::: Given data
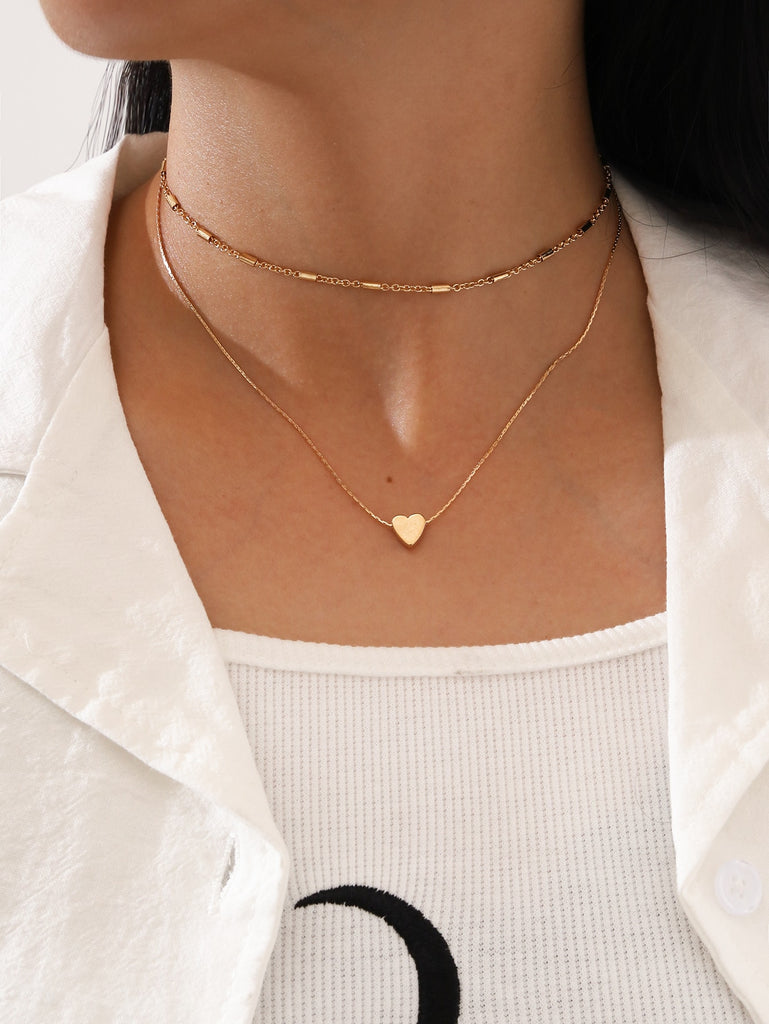 2pcs Heart Decor Necklace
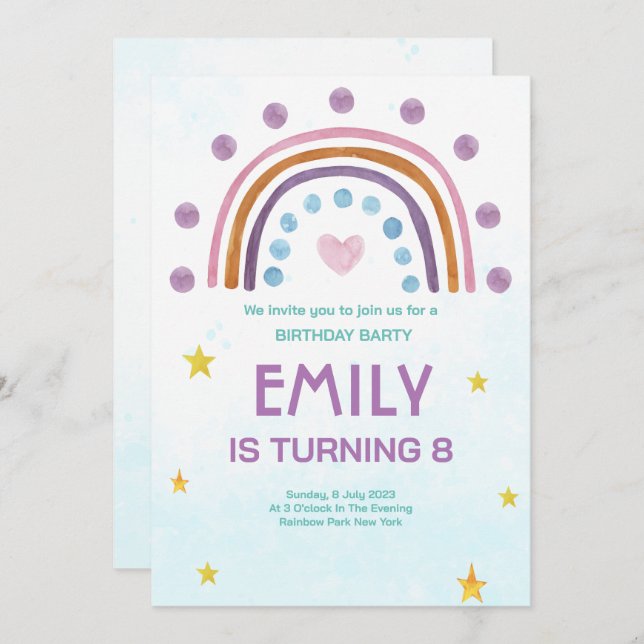 Modern Watercolor Rainbow Heart Birthday  Invitation (Front/Back)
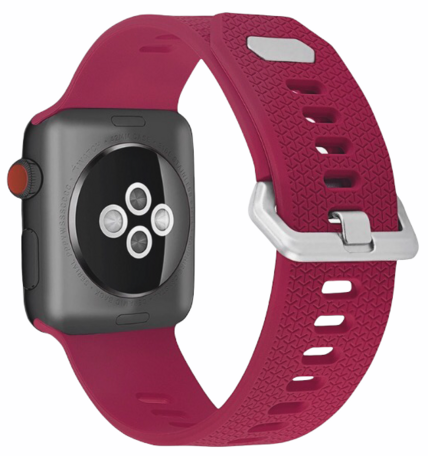 Siliconen bandje met motief - Rose Red - Geschikt voor Apple Watch 38mm / 40mm / 41mm / 42mm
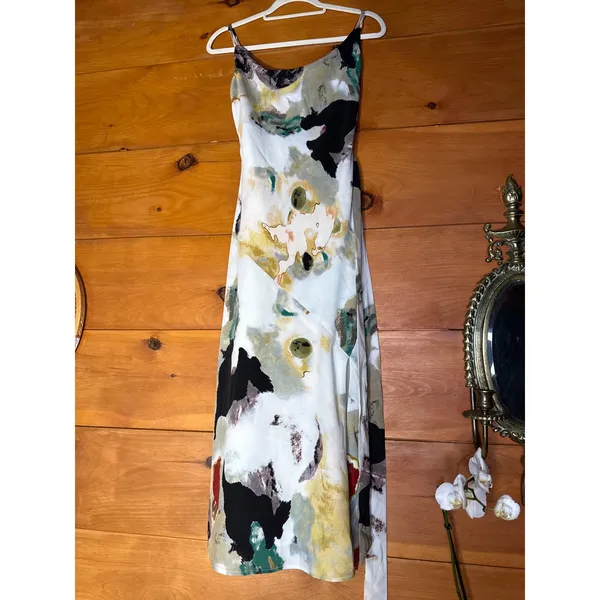 NWT Lulus Inspired Aura White Multi Abstract Print Cowl Midi Dress Gala Size S - Image 2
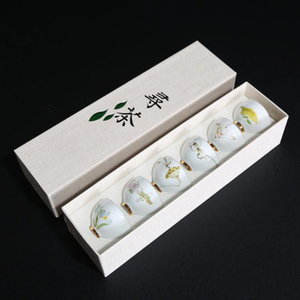 Set da Tè in Porcellana Bianca Dipinta a Mano, Tazza da Degustazione per Uso Domestico, Set da 6 Tazzine Kung Fu - Product Image 6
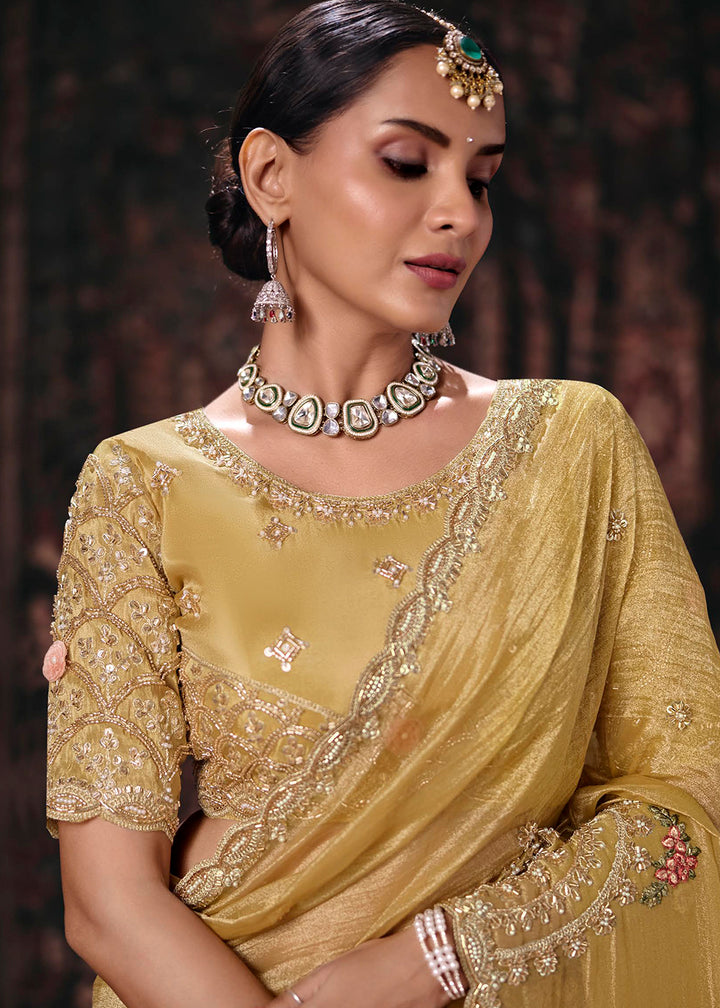 Buy Now Yellow Heavy Designer Embroidery Wedding Wear Saree at Online in US, UK, Canada, France, Germany, Denmark, Sweden, Australia, UAE &amp; Worldwide at Empress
::::::
Exercise aim
Exactly as they stand, set down all of the entries above, minus every picture.

Task output
 2pcs Heart Decor Necklace
 Modern Watercolor Rainbow Heart Birthday  Invitation (Front/Back)
 Siliconen bandje met motief - Rose Red - Geschikt voor Apple Watch 38mm / 40mm / 41mm / 42mm
 NWT Lulus Inspired Aura White Multi Abstract Print Cowl Midi Dress Gala Size S - Image 2
 Set da Tè in Porcellana Bianca Dipinta a Mano, Tazza da Degustazione per Uso Domestico, Set da 6 Tazzine Kung Fu - Product Image 6
 Buy Now Yellow Heavy Designer Embroidery Wedding Wear Saree at Online in US, UK, Canada, France, Germany, Denmark, Sweden, Australia, UAE &amp; Worldwide at Empress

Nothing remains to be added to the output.